Local band Weekend Vinyl played Evanston SPACE on Chicago Avenue on April 30, with the Bono Brothers Band starting them off.
The opening group included Jim and Rob Bonaccorsi, Alvino Bennett, Dave Mason, Tom Albanese, and Danny Chaimson, professionals who have with such bands as OAR (Of a Revolution). They played about an hour and a quarter of very heavy, very loud blues-rock, among them a Stevie Ray Vaughn tune and “Let the Good Times Roll,” which the full-house audience appeared to enjoy a great deal. The band clearly enjoyed the gig.

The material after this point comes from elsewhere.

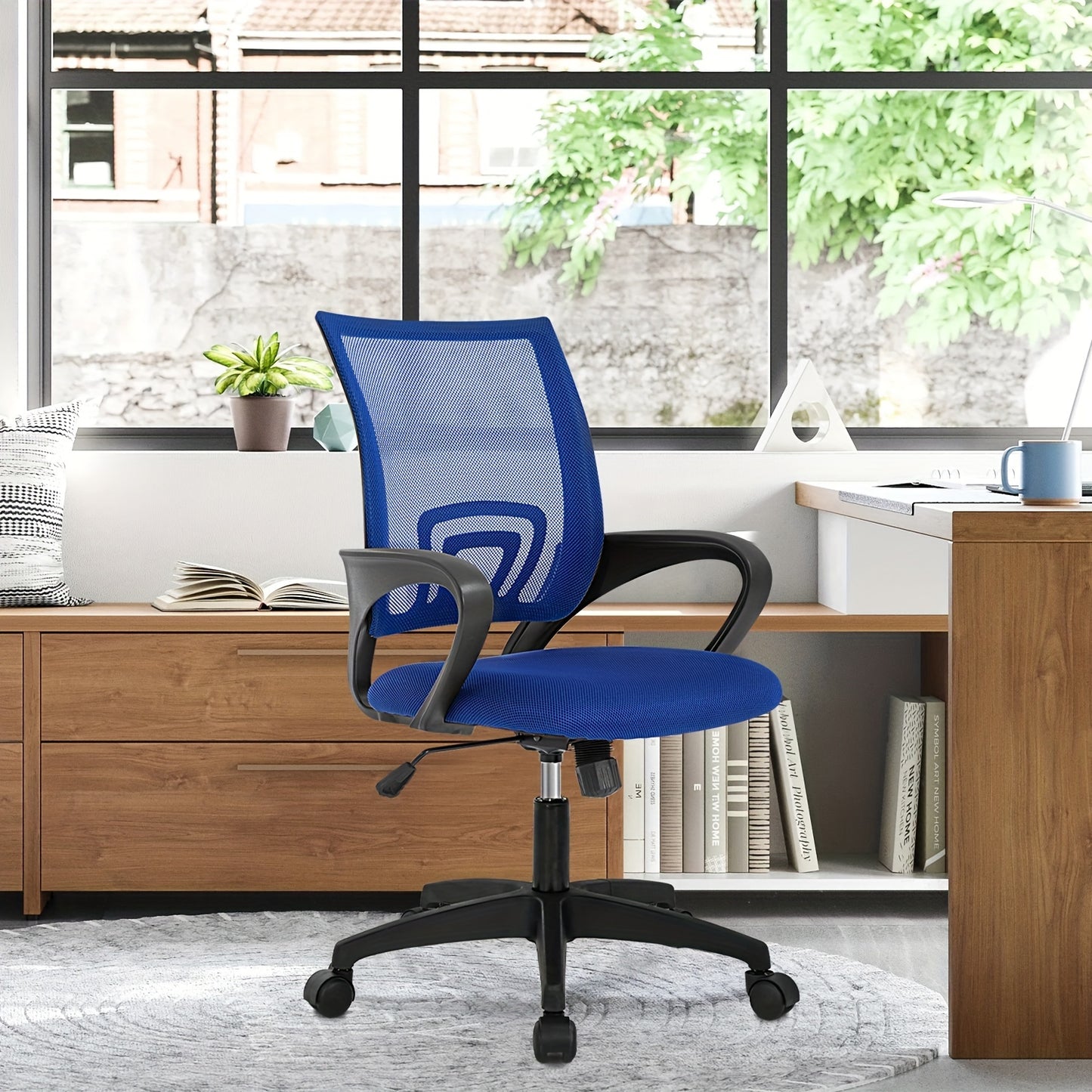 Modern Executive Adjustable Chair For Men Women 2-Pack - Alia's Home Things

Unfortunately the all-out volume, perhaps due more to a faulty mix than to the playing itself – especially of the very heavy-on-the-drums-and-bass understructure – drowned out the harmonica and stole some of what sounded – when audible – to be some interesting, somewhat jazzy, keyboards. The acoustics at SPACE are excellent; this volume, even for a band in this genre, was unnecessary.
Forty-five minutes to an hour of this band would have been fine, and would have allowed headlining band Weekend Vinyl to get into their stride while the audience still had some eardrums. Their start at 9:40 gave audience members a lot of bang for their bucks with the earlier band, but it was a bit too much of too loud.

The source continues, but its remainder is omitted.